Patten’s injury has resonated around hockey rinks nationally, not just locally. She has received autographed jerseys from the women’s teams at the University of Wisconsin and Northeastern University, plus the Miami (Ohio) men’s team. Stevenson graduate Megan Bozek, a Buffalo Grove native who now stars for the University of Minnesota, gave Patten an autographed stick.

Many local players wear a black-and-red “28 Courtney” sticker in support of Patten on their helmets, especially at Stevenson, where her brother, Trevor, is a junior in his first season on the Patriots’ varsity.

Courtney is in the stands for many of her Mission games and also for Stevenson games to support Trevor, a lefty-shooting center. She often is talking like a coach from high above the ice surface.

“During games, I try not to think about it too much, but it’s always in the back of my head, ‘What if I fall in a weird way?
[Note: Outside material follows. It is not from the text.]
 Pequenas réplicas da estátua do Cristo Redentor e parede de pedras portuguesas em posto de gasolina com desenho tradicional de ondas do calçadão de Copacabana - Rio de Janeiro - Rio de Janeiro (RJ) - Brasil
That could happen to me, too,’ ” Trevor said. “At first, it was really hard, shocking. You never really think something like this is going to happen to your family.”

Trevor wrote his sister’s initials on the blade of his stick.

“The (Stevenson) team has been really supportive,” said Trevor, who notes that he often has received simple text messages just to see if he or his family needs anything.

Courtney, whose favorite Blackhawk is Jonathan Toews, said watching games from the stands, “makes me want to get back (on the ice) and play.”

In the meantime, her brother plays — and prays for his kid sister. He knows his role: to be the loving brother in a trying time.

“We are closer now,” he said, “more so (than before the accident).”